SUMMER has officially begun and will bring ‘hotter than average’ temperatures, weather agency AEMET has predicted.
Ending on September 22, this year’s sunny season will be at least one degree higher than the historical average.
According to Jose Maria Sanchez-Laulhe, director of the Malaga Meteorological Centre, temperature rises have been occurring since 2000 with the anomaly of 2013, the only year in the series in which there was a drop in the average temperature compared to the previous year.
This warmer than usual summer has been preceded by a spring that has been characterised by rising average temperatures, not so much by high maximum temperatures, but by minimum temperatures—which have registered more than one degree above the historical record.
In fact, according to official records, the Iberian Peninsula has been 0.4 degrees warmer than usual over the last three months, a figure that reflects the upward trend of the thermometer.

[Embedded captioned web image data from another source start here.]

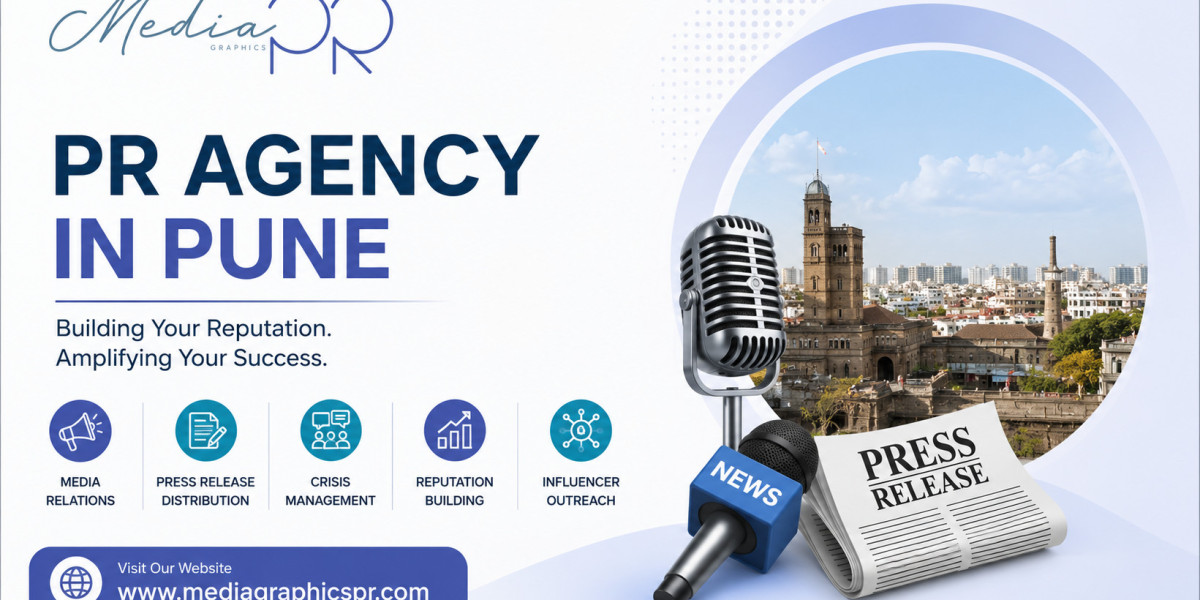Digital & Media PR Agency in Pune | MediagraphicsPR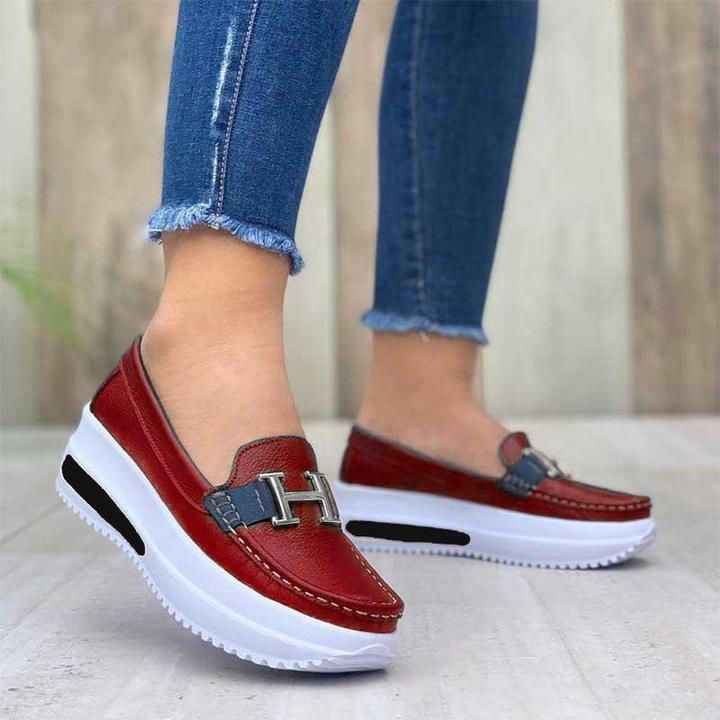 Kvinnors Sandaler Lätta Syntetisk Mångsidig Komfort-4
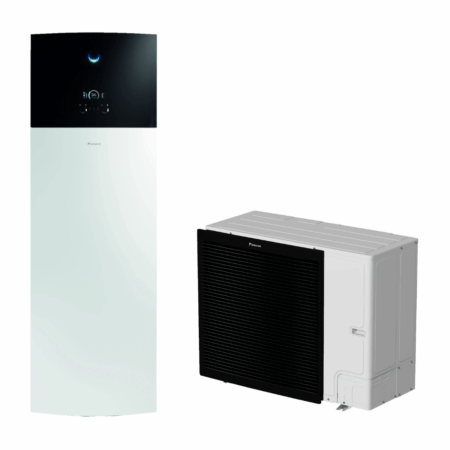Daikin Altherma 3 R F - Taille 16 - Moyenne température - 2 zone - 230L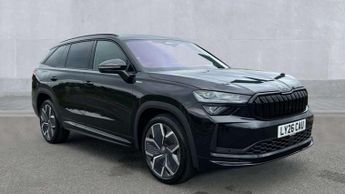 Skoda Kodiaq 1.5 TSI e-TEC SportLine 5dr DSG [7 Seat]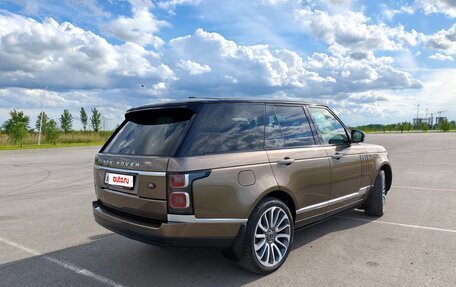 Land Rover Range Rover IV рестайлинг, 2013 год, 4 300 000 рублей, 7 фотография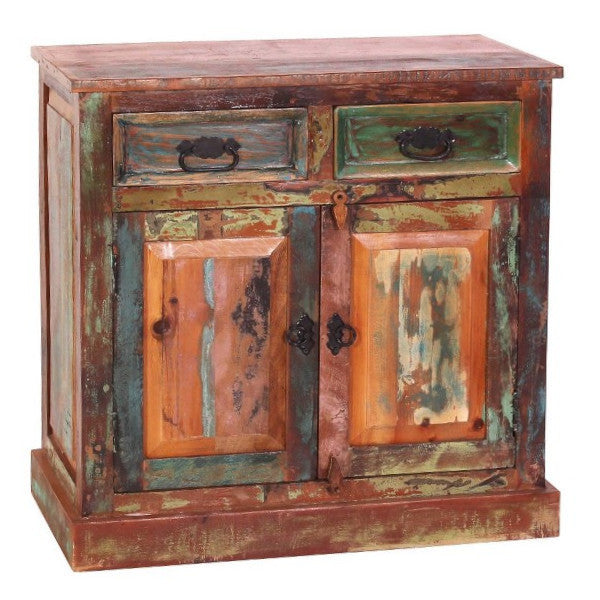 Madia stile industriale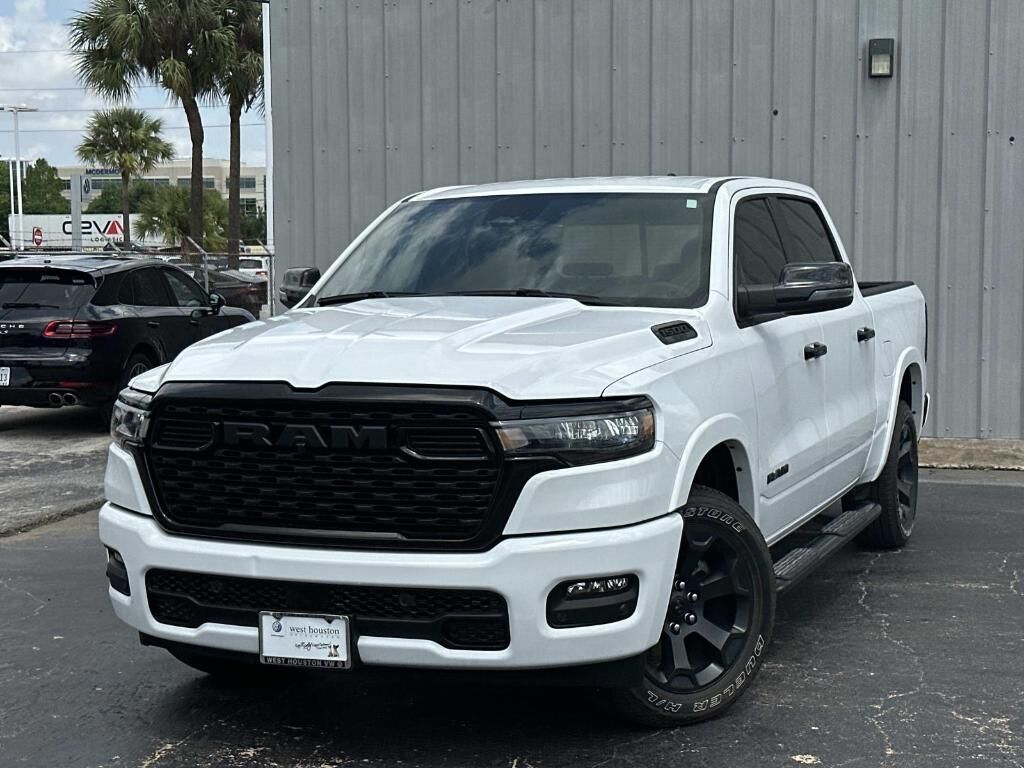 2025 RAM 1500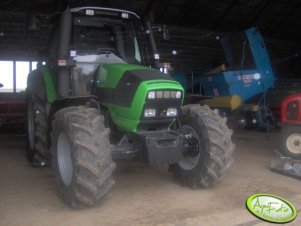 DF Agrotron M600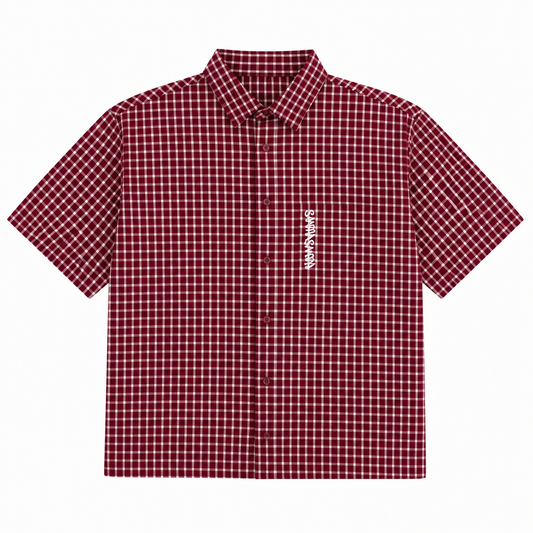 CHEMISE BOXY « SANTRA  »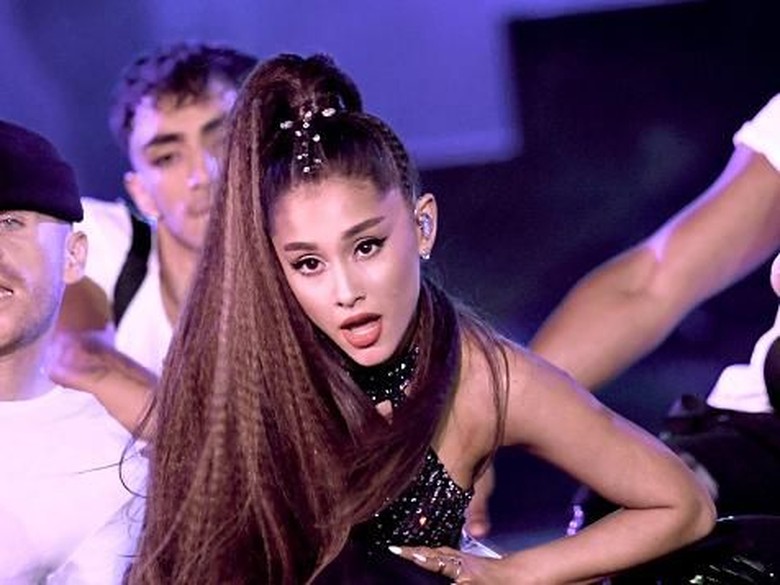 Diduga Hasil Plagiat, Klip Ariana Grande Digugat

Going on the anomalies that Malaga has experienced this spring, including breaking the all time high since official records began in 1942 for sizzling temperatures in May—when the gauge, located the weather station at the Malaga-Costa del Sol Airport, shot up to 35.4ºC—the forecast for the imminent summer is that temperatures will be above average throughout much of Spain, especially in the east of the peninsula and the Balearic Islands.
Sanchez-Laulhe blames this persistent thermal anomaly on ‘greenhouse gases and climate change.’
“Beyond the cooling of the 1970s, the last few years have been the highest on record, so such a prolonged trend could only be explained by this effect.” Sanchez-Laulhe said.
Last year was the fourth hottest year on record at Malaga Airport, a figure that Sanchez-Laulhe expects to be repeated this summer season.